## GIVEN MATERIAL
[Start of Attachment]

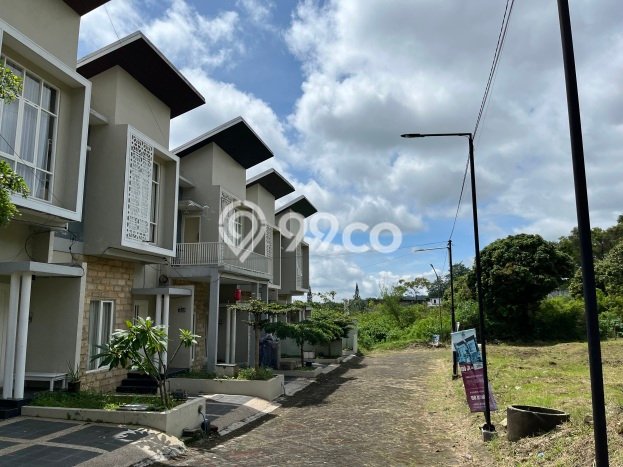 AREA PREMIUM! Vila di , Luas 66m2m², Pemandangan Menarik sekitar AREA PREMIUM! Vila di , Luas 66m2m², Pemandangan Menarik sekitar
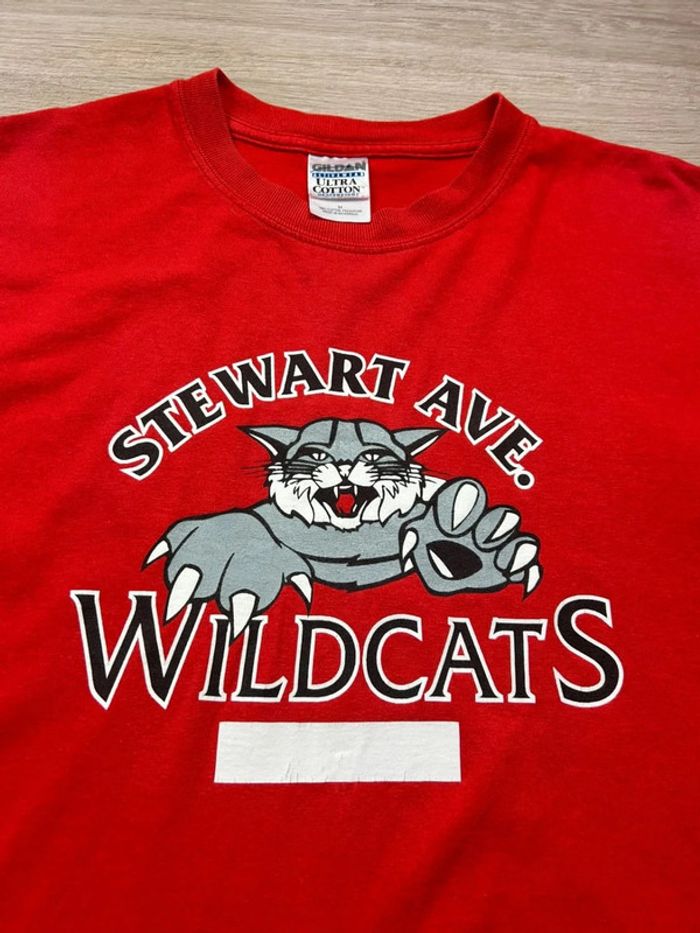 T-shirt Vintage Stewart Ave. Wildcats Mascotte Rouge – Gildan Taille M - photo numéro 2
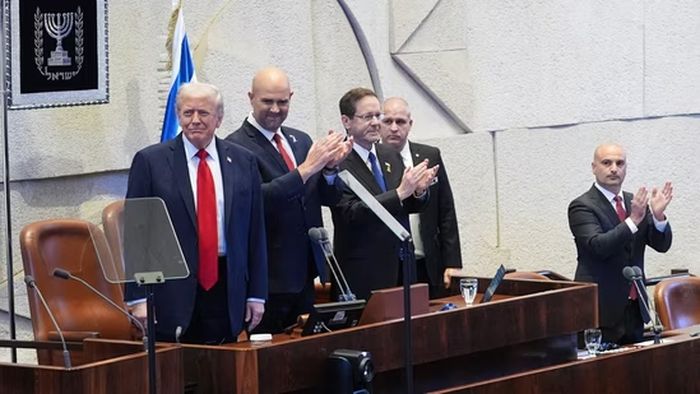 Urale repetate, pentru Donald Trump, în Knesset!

[End of Attachment]

## WHAT THE TASK ASKS
The listing should be transcribed in full, exactly, and without its pictures.

## ANSWER SECTION
 AREA PREMIUM! Vila di , Luas 66m2m², Pemandangan Menarik sekitar AREA PREMIUM! Vila di , Luas 66m2m², Pemandangan Menarik sekitar
 T-shirt Vintage Stewart Ave. Wildcats Mascotte Rouge – Gildan Taille M - photo numéro 2
 Urale repetate, pentru Donald Trump, în Knesset!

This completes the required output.